Y fue la cumbre. A las 20.55 subí acompañado por Guille al escenario. Me instalé en un silloncito que según él me consiguió especialmente para quedar lindo, no era lo mejor para tocar pero acepté. Probé sonido con los excelentes profesionales que me rodearon, y tras saber que la guitarra estaba afinada me quedé tranquilo. Probé el micrófono y su perfecto sonido me daba más pie para hacer las cosas bien. Y ahí el locutor, Pablo, me empezó a anunciar. El griterío de los ex adolescentes del Güemes se hizo sentir enseguida. Y qué decir cuando minutos después me presentó oficialmente. Yo respondía tranquilo y simpático con la derecha en alto y arrojando besos, pero con ganas de largar. Y tras unas palabras que preparé pero dije del alma, comenzadas con un emotivo "Buenas noches Carapachay", toqué y canté el alegre lento que , paradójicamente, una depresión creó en aquel invierno de 2014, cuando me mudé de Carapachay a Villa Adelina.
Cantaba y punteaba la Fonseca mientras intentaba interpretar sentidamente el tema, de vez en cuando cerraba los ojos (movimiento típico en mí) y los abría para ver las luces preciosas que adornaban de gala la noche. Me fui soltando con el primer estribillo, con un típico "qué dice", y las palmas de mi barra respondieron automáticamente. Entre el sonido, mi trabajo, los ensayos de la semana y mi confianza en mis fuerzas, todo salió más perfecto de lo esperado. Y el "Viva Carapa" fue el broche de oro de semejante momento, que me terminó de emocionar y a los pibes de explotar de alegría, igual que cierta gente que los rodeaba, entre ellos papá.
Sueño cumplido, me dije mientras Guille, estricto, me tomó de la mano y casi me sacó del escenario, la apretada grilla del Carapa acortada de última era la culpable. Pero yo ya estaba satisfecho. Sin embargo, la alegría no terminó ahí. Uno a uno, los chicos me abrazaron y hasta alguno se emocionó de más. La primera fue la dulcísima Ale Isopi. "Estoy orgullosa de vos", me abrigaba mientras me apretaba emocionada, y yo a ella y su largo pelo rubio. Lo mismo con todos y con Martín, el seguidor carapachense hacedor de este momento, conocido el verano anterior y que hasta se puso a llorar.

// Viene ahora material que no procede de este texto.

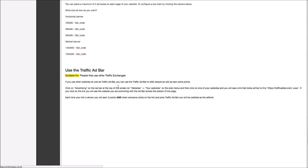At the bottom here, we also have information about the links that you can use to advertise your website in other traffic exchanges while earning Traffic Ad Bar points at the same time.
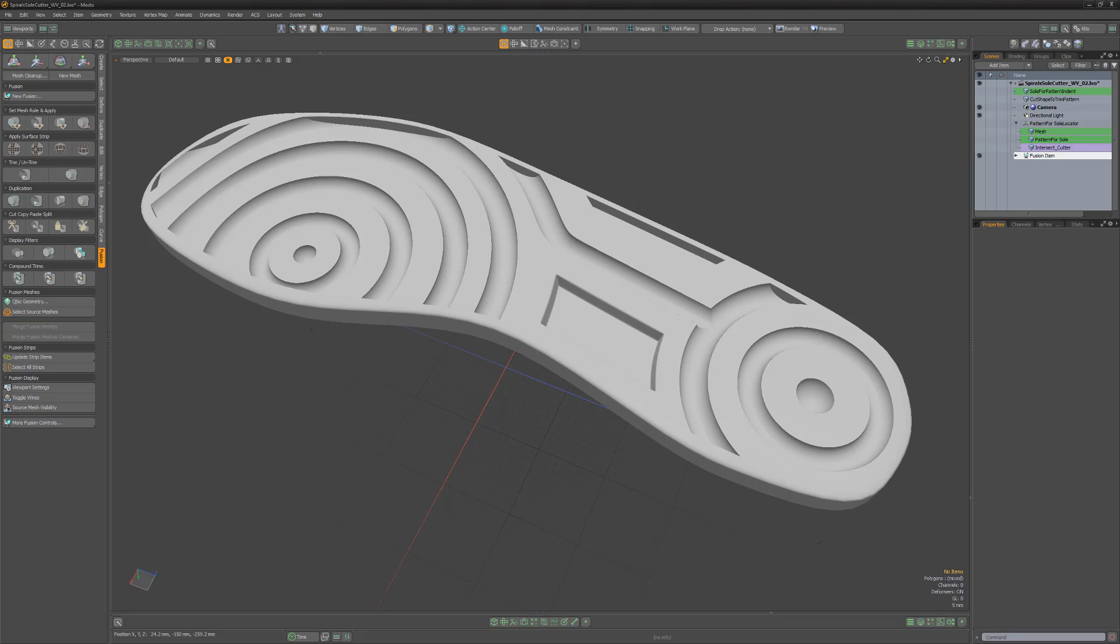Mesh Fusion offers a wide array of options that enable you to create incredibly complex meshes, so be sure to explore all that it has to offer.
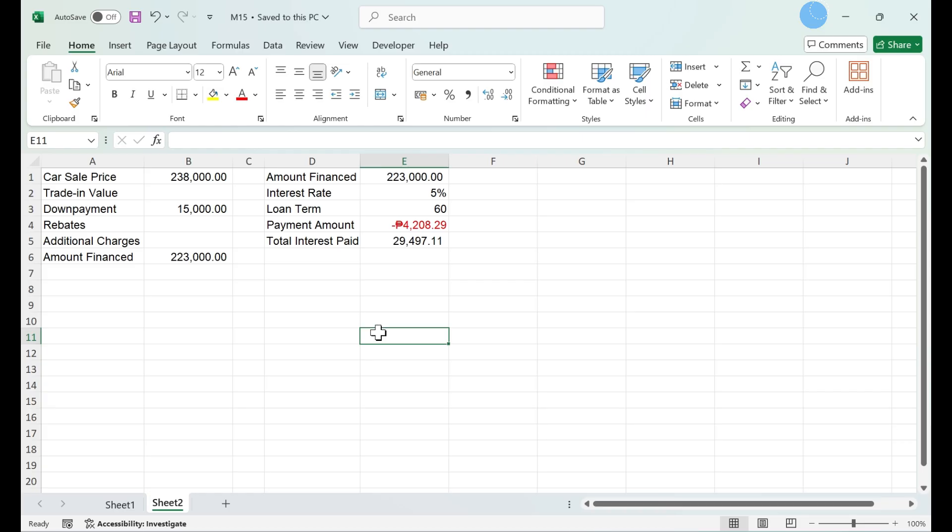This video shows you how to put Excel data into PowerPoint slides using these features. Copying and pasting Excel data into PowerPoint.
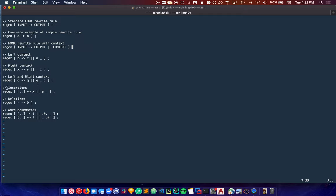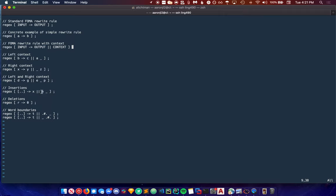The next set of important rewrite rules in FOMA are insertions and deletions. A concept we haven't talked about yet is the concept of an empty string or nothing. An insertion can be thought of as replacing an empty string with a string. We represent an empty string with a series of brackets with two periods on the inside. Here we're going to replace those with X in every instance that it comes after E.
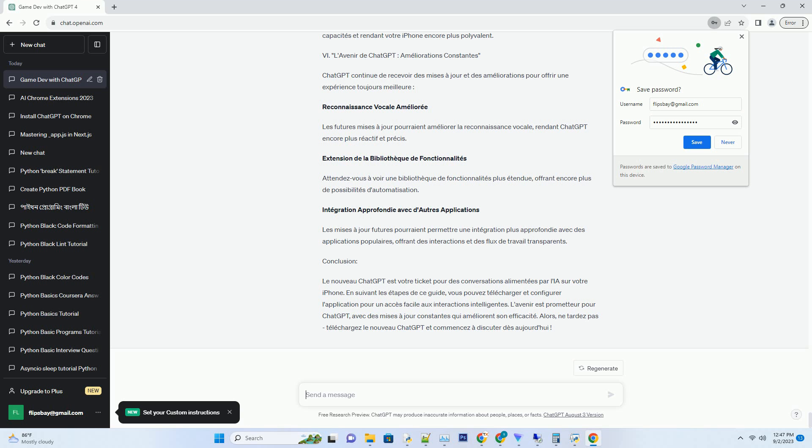Conclusion: Le nouveau ChatGPT est votre ticket pour des conversations alimentées par l'IA sur votre iPhone. En suivant les étapes de ce guide, vous pouvez télécharger et configurer l'application pour un accès facile aux interactions intelligentes. L'avenir est prometteur pour ChatGPT, avec des mises à jour constantes qui améliorent son efficacité. Alors, ne tardez pas, téléchargez le nouveau ChatGPT et commencez à discuter dès aujourd'hui.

Y el cierre era como debía. La alegre Patricia Ramos, uno de los profundos corazones de este tiempo, me daba la noticia de yapa. "¿Te molesta si tu papá viene a cenar con nosotros?", consultó. "¿Qué, vamos a ir a comer?", fue mi redundante y feliz respuesta. En efecto, la corpulenta rubia me llevaba de su brazo hacia El Nuevo Cóndor, la legendaria parrillita de Carapa. Y con suculenta cena (parrillada, papas fritas, postre, bebidas) cerramos junto a Dios, creador de estas magias, la noche más grande de mi 2019 musical y, probablemente, de mi vida personal, muy complicada este año. Ellos, los eternos compañeros del secundario, me la regalaron. Él, mi Carapachay amado por la eternidad, me la regaló. Ella, mamá Anita, la vio desde el superpullman celestial. Como dice la increíble canción que el cielo compuso, me di una vuelta por mi Carapachay. Una vuelta infinitamente gloriosa.